Iverson v. Trump administration

Human Rights First
Defending War-Crimes Prosecutors from Misused Sanctions

Our client Eric Iverson is a fifth-generation South Dakotan and the first person in his family not to work as a farmer or rancher. He is a veteran of the U.S. Army, including the Judge Advocate General’s (JAG) Corps, and he has been a prosecutor at the International Criminal Court (ICC) since 2010. At the ICC, he leads a team of prosecutors who investigate war crimes and other atrocities committed in Darfur since 2002. 

In February 2025, the Trump administration issued an executive order imposing financial sanctions against ICC prosecutor Karim Khan, putting him on the same Treasury Department sanctions list that is used to punish human rights violators, international terrorists, and drug kingpins. Because Khan is Iverson’s ultimate supervisor, Iverson is at risk of being prosecuted criminally or subjected to large civil penalties if he continues doing his job, because he could be seen as providing “services” to a sanctioned person. As a result, Iverson and many of his colleagues have had to stop their work, including their investigations of atrocities being committed right now in Sudan’s ongoing civil war.

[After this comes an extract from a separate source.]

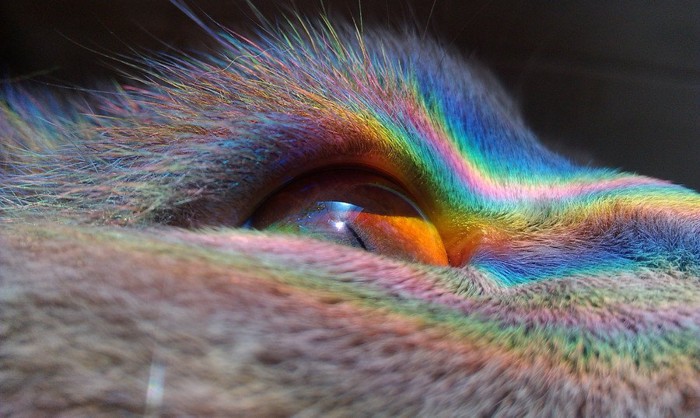 猫の目元に映る七色の光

We have sued the U.S. government on Iverson’s behalf, alleging that his First Amendment rights to free expression, including his right to practice law, are being violated by the U.S. sanctions. Iverson is seeking a temporary restraining order and preliminary injunction to prevent the U.S. government from prosecuting him or imposing sanctions-related financial penalties on him just for doing his job in support of accountability for war crimes.

Human Rights First has advocated against the Trump administration’s shocking misuse of financial sanctions to target an accountability institution like the ICC that survivors and advocates around the world depend on to seek justice. The U.S. sanctions are putting the ICC at serious risk. For the court to survive and provide justice, people need to be able to support it – including dedicated staff like Iverson, the victims and survivors of crimes, their lawyers and others who have documented atrocities, and companies providing business services.

Find our other resources on the ICC here.

On May 13, 2025, the Trump administration conceded through the issuance of a Treasury Department license that Iverson was correct, allowing us to withdraw the case.